The population was already on edge, and events rapidly followed one another until the climax of April 9.
April 7, the Eve of a General Protest
A demonstration takes place in front of the beylical palace of Hammam-Lif and a delegation is received by Ahmed II Bey, Tahar Sfar being one of them. The delegation protested against the prohibition of bearing the Tunisian flag, the closure of the Sadiki college and the prosecution of nationalist activists. The bey asked them to keep calml and promised to speak to the resident general. He gave his authorisation to bear the flag during the authorised demonstration due to take place the following day. Despite the legal status of this demonstration, the French authorities were concerned.
"The popular sector is getting [...] very overexcited: the unemployed, the metouis and the 'zoufris' make no secret of their firm desire to provoke unrest [...] declaring that they are determined to sacrifice their lives for the cause of their country" (Report on April 7, 1938).
Dissensions were evident among the Tunisian political forces. The Old Destour party asked their supporters to not take part in the demonstration.
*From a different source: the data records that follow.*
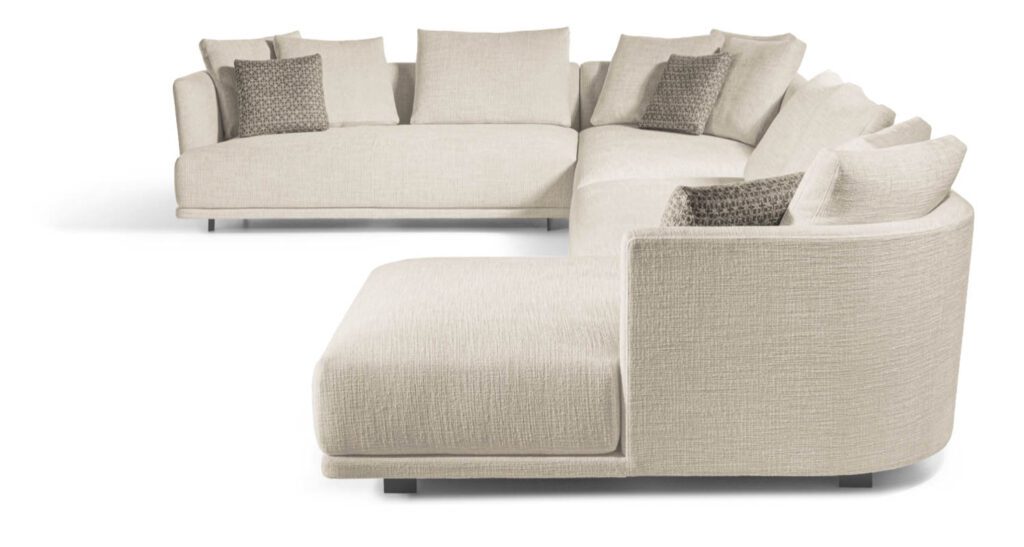 The curvilinear shell of this modular sectional with loose pillows looks good from all angles—place it in the center of a room for maximum impact. 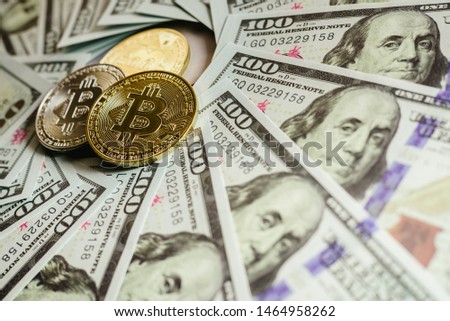 real bitcoins with a value higher than hundreds of dollars in bills.
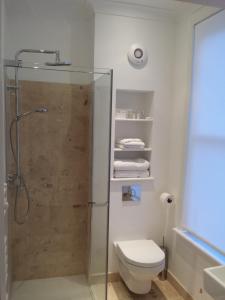 Un baño con ducha, WC y toallas. en Ogilvy House, en Cromer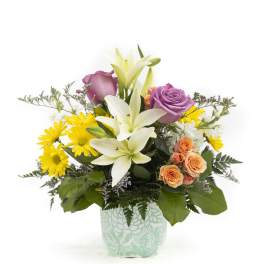 Mixed bouquet with lilies, roses, and yellow daisies in a patterned vase
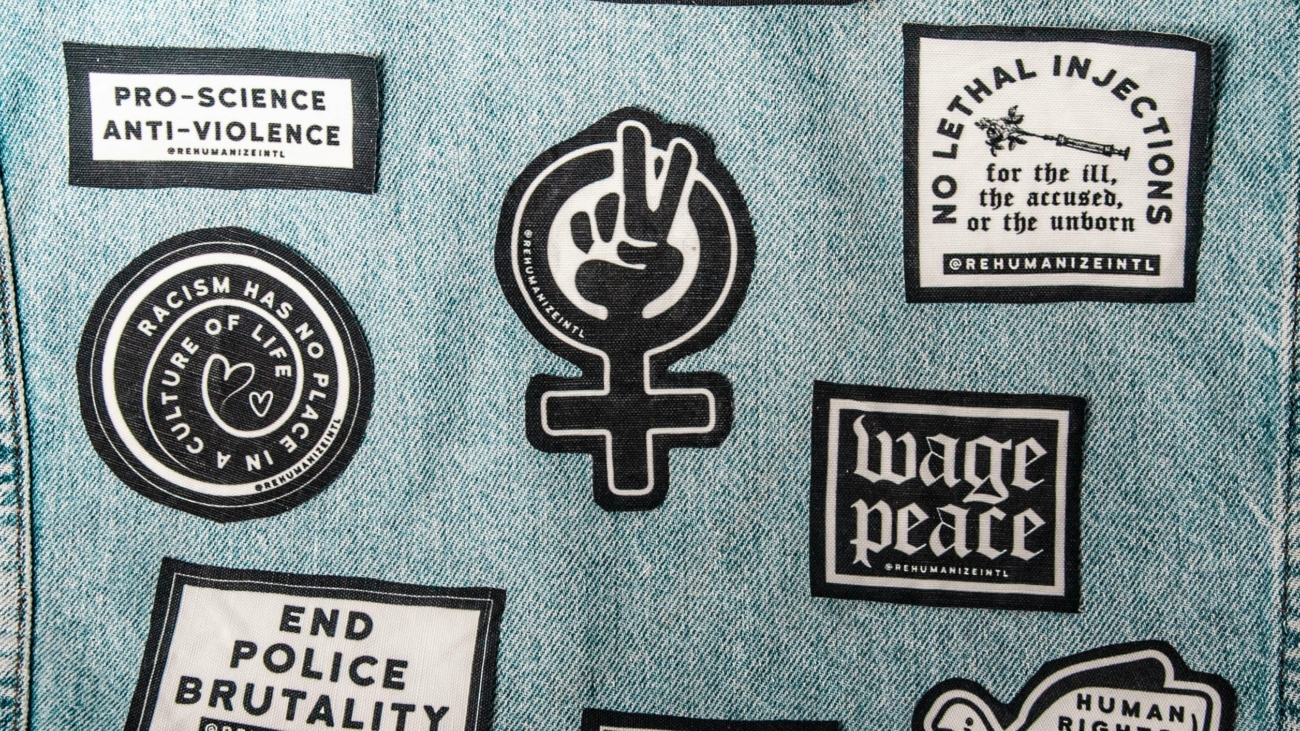 A close-up image of denim fabric featuring multiple black-and-white patches with social justice messages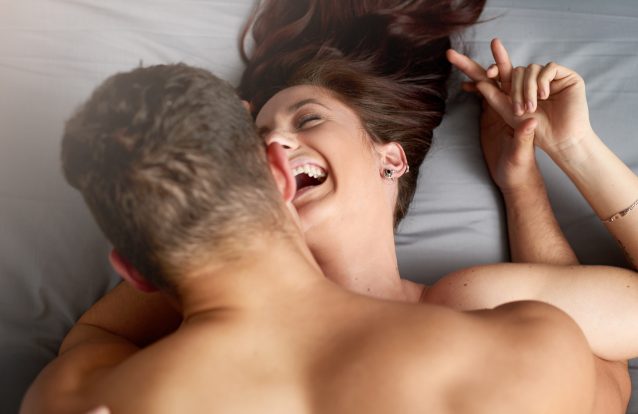 Qualidade de vida sexual: casal feliz juntos brincando na cama 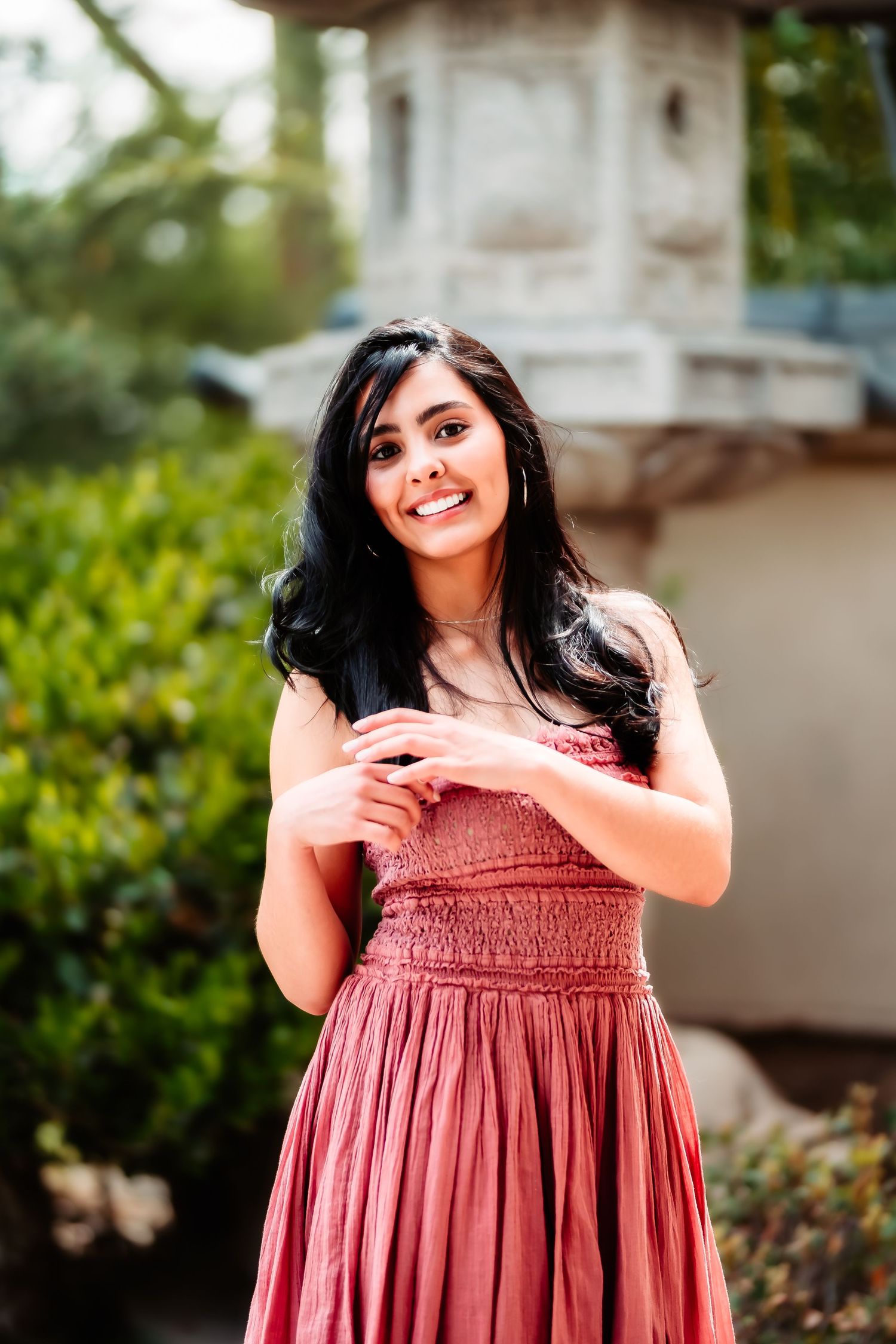 A person in a dusty rose smocked dress poses outdoors with a bright smile against a garden background.
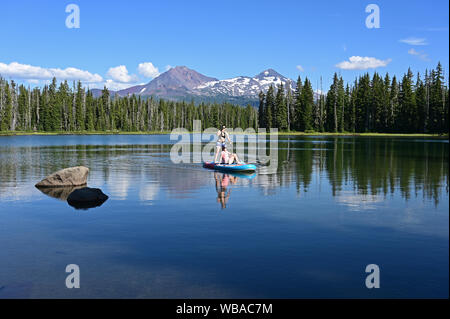 Due giovani donne su standup paddle board sul Lago di Scott, Oregon con il centro e il nord di Sorelle vulcani in background. Foto Stock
The Tunisian Communist Party aligned itself with the concerns of the French government, and like the ruling Popular Front (of which the PCF was a part) it accused the Neo-Destour party's policy of "supporting fascism, which threatens Tunisia with military occupation". They found that the Neo-Destour desire "to incite civil unrest, not to submit to military service, to call for a tax strike [...] is tantamount to supporting fascist activities in Tunisia and [...] is reminiscent of collusion with Italian fascists. ("Resolution of the political bureau of the Tunisian Communist Party" published in the Avenir social, April 7).
April 8, Elation Before the Upheaval
The day of Apri 8l was characterised by activist elation throughout several cities, such as Moknine, Teboulba, Jemmal, Monastir, Djerba, Kalaa Kebira, Béja, Mahdia, Nabeul, Sfax, Sousse, Souk el Arba [now Jendouba], Bizerte, El Hamma, Testour... Various reports claim that thousands of demonstrators took part in this unprecedented event launched by the Neo-Destour party. In Tunis, groups of demonstrators set off from Bab Souika and Bab Jdid, before meeting at Bab Bhar to march to the headquarters of the General Residence [now the French Embassy]. According to police and newspaper reports, between 7,000 and 10,000 people took part in the demonstration.
The Neo-Destour demand for the closure of cafés and shops in the souks was largely respected. However, police reports note that some shopkeepers closed reluctantly. One report indicates that 300 "natives" armed with truncheons went through the El Grana souk to "force the Israelite traders who had kept their shops open to close through threats and vandalism". The aim, according to the report, was "to rally the Jewish population to join their processions which were due to demonstrate in front of the Residence, telling them that as 'Tunisians like us, you must join us'".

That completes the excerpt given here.